• [What needs to be done]: The listing below must be returned in full and unchanged, without the images it carries.
[[ Data section, beginning ]]
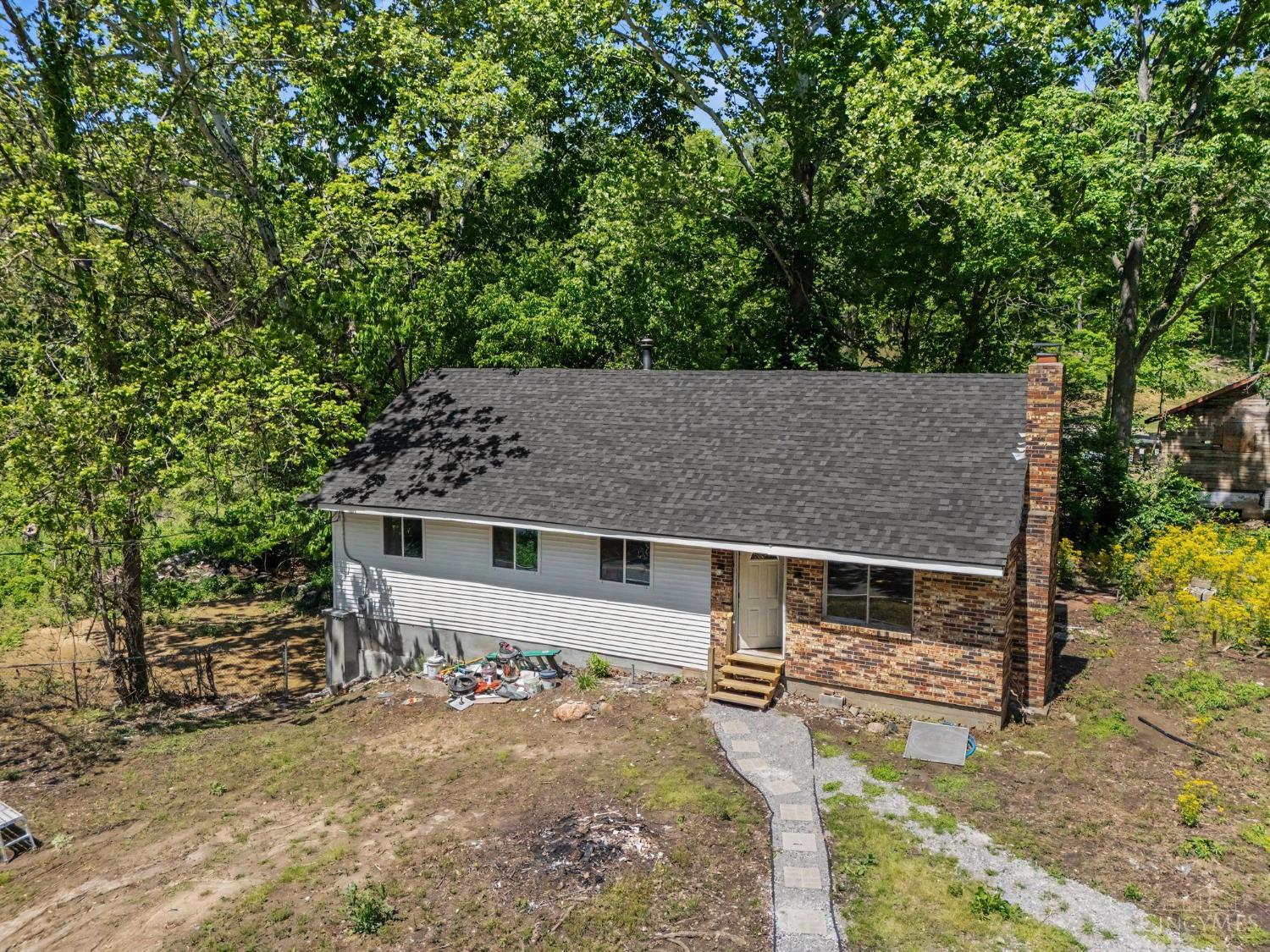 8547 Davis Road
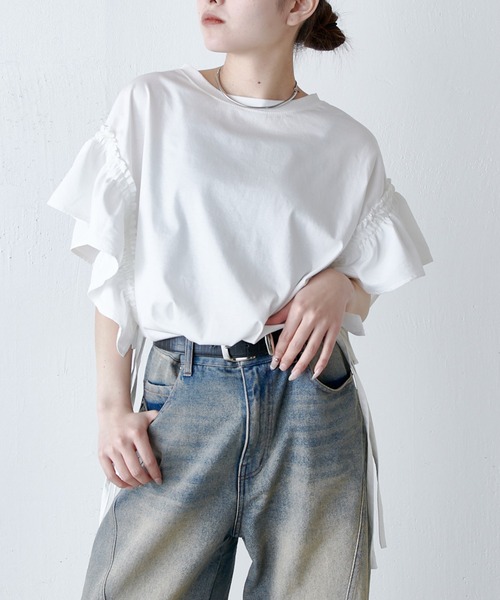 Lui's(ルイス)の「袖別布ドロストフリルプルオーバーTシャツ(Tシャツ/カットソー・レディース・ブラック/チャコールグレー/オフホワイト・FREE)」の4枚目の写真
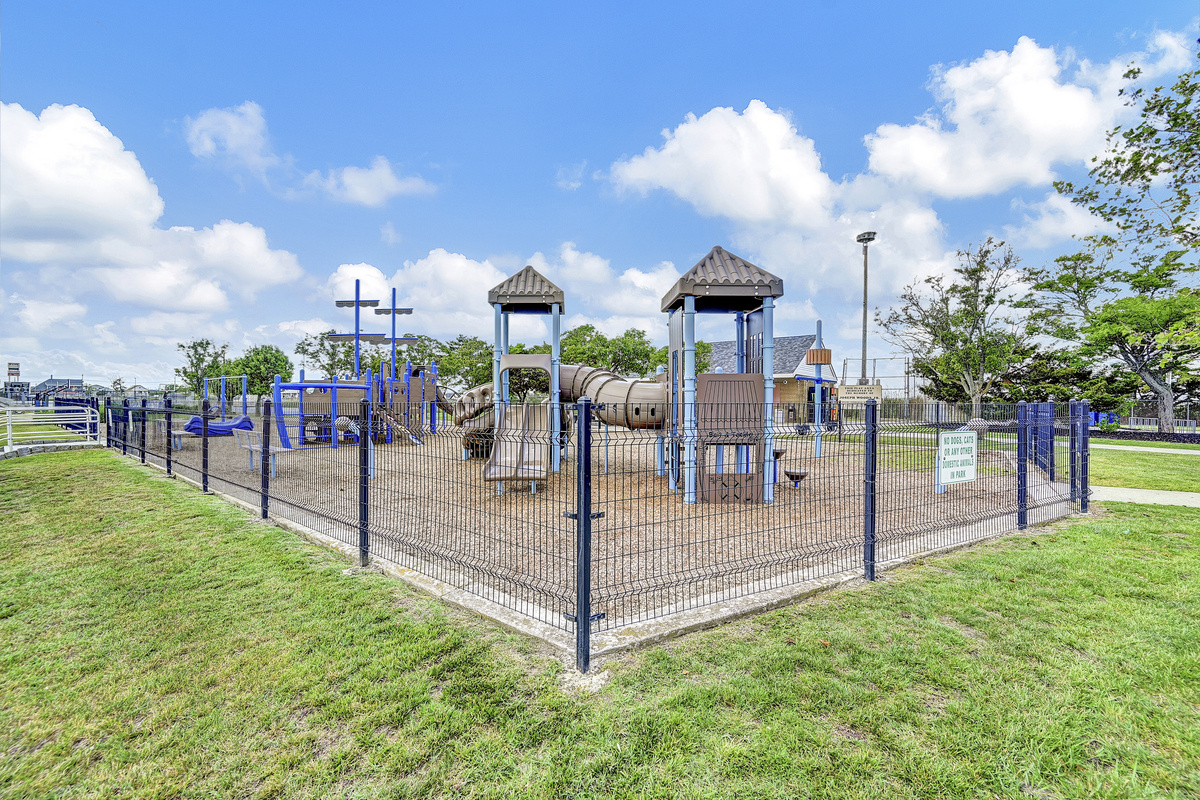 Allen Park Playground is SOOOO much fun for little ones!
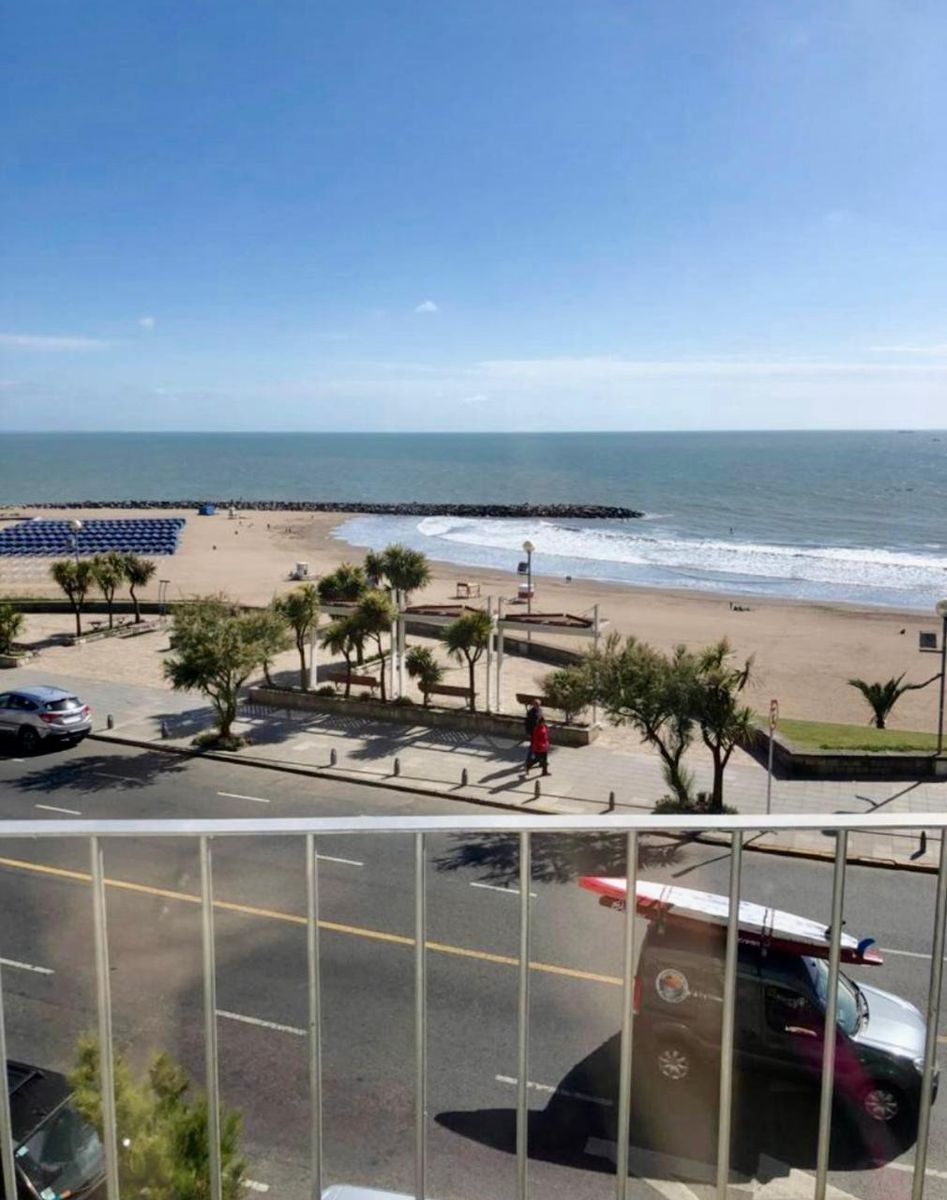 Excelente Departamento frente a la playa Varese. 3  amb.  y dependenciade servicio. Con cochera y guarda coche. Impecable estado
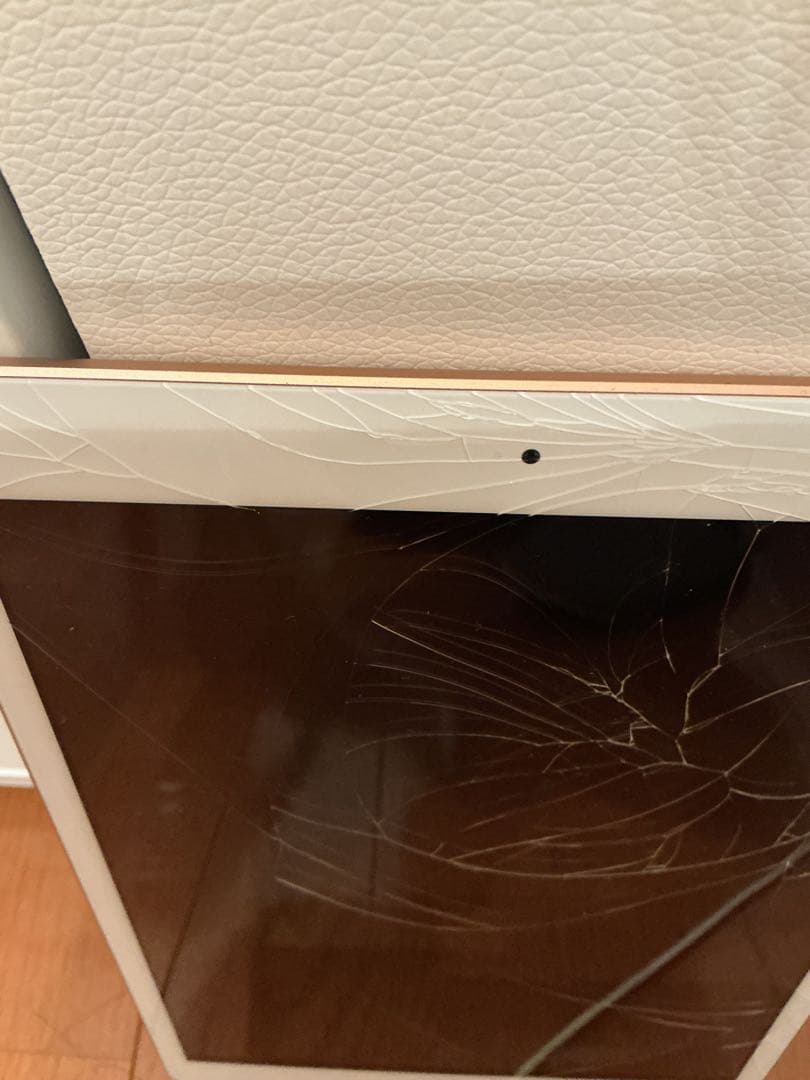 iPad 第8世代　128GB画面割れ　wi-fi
[[ Data section, end ]]
• [Result for this task]:
 8547 Davis Road
 Lui's(ルイス)の「袖別布ドロストフリルプルオーバーTシャツ(Tシャツ/カットソー・レディース・ブラック/チャコールグレー/オフホワイト・FREE)」の4枚目の写真
 Allen Park Playground is SOOOO much fun for little ones!
 Excelente Departamento frente a la playa Varese. 3  amb.  y dependenciade servicio. Con cochera y guarda coche. Impecable estado
 iPad 第8世代　128GB画面割れ　wi-fi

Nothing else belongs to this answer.